A Fun and Educational Day Out

Saturday, June 5th, 2022, our daughter and son-in-law treated my wife and me to a trip to Fort Worth, Texas, to visit and tour the Texas Civil War Museum located in that city. If you, like me (like we), live within, say, a 150 mile or even a 200-mile radius of that fair Texas city, let me recommend, on behalf of myself, my wife, and my daughter and son-in-law aforementioned, that you also plan a day out to visit the museum. And take the kiddos along if you can. It will be well worth your time and expense.

We left early and arrived approx. thirty minutes after the museum opened for business (10:00am). During the time we spent touring the museum and its large collection of “Civil War” displays, perhaps fifty to sixty more persons showed up.
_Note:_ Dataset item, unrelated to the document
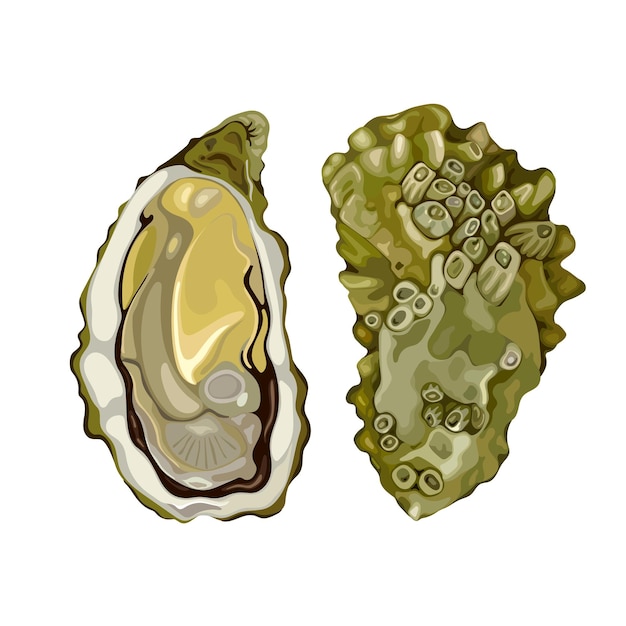 Vector ilustración de arte vectorial de comida de mar de ostras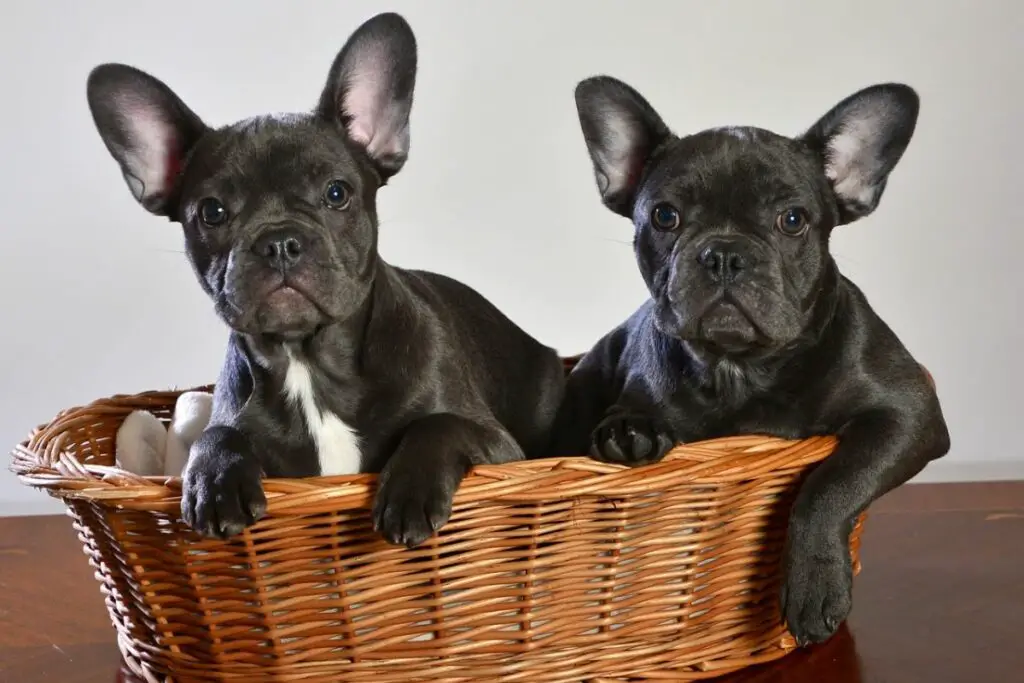 Frenchie gegen französische Bulldogge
With exception of one couple in particular (a man and an older woman presumably the man’s mother), virtually everyone else was there to pay his or her respects to the Confederate side of things. The man mentioned in the previous sentence was obviously a Yankee by simple virtue of his Yankee accent, coupled with the fact that he was loud and obnoxious in a place where everyone else knew instinctively or by good breeding that if (s)he felt the need to say anything aloud, to keep his/her voice low. I will say to his credit that the man in question seemed to have “gotten the message” and lowered his voice after having received for his trouble more than one disapproving look from other visitors, as well as a disapproving remark or two from the likes of yours truly.

While the museum pays a certain amount of tribute to the Yankee side of things in the WBTS, it is unabashedly friendly to the Confederate side, which of course it should be since Texans fought on the side of the Confederacy. In addition to its collection of Confederate (south wall) and Yankee (north wall) uniforms, arms, flags, field pieces, etc., the museum houses a small theater in which a thirty-minute-long film documenting the role of Texas and of Texans in the WBTS, as well as a segment showing the several Texas counties many Southerners (including some of my own people) emigrated to during the “Reconstruction” years.

There is a well-supplied “gift shop” housed in the museum as well, and the pricing of the items contained therein is surprisingly low. One “oddity” I noted about the gift shop was that the only “Civil War” movies they had for sale on their movie rack were Gods and Generals, Gettysburg, and Glory. I personally have those three and many more in my own collection at home. But the biggest surprise was that they didn’t sell the film I mentioned above that plays back-to-back-to-back all day long in their theater. I could be wrong about that; it could have been that they were simply sold out of it, but I failed to ask before we left. Anyway, I would have liked to have added the film to my collection because it is both interesting and informative; I learned a few things from having watched it that I did not know before.

On the way home, we took a slight detour in Denton Co. to visit the graves of several of my forbears, one of whom was among those Southrons mentioned above who emigrated with her entire family of origin to Texas during the “Reconstruction” years. Since almost all of the information on her Texas Death Certificate is incorrect, including her maiden name, it took me almost three years to find her, so I have been wanting to visit her gravesite for months and our son-in-law graciously obliged. But I digress.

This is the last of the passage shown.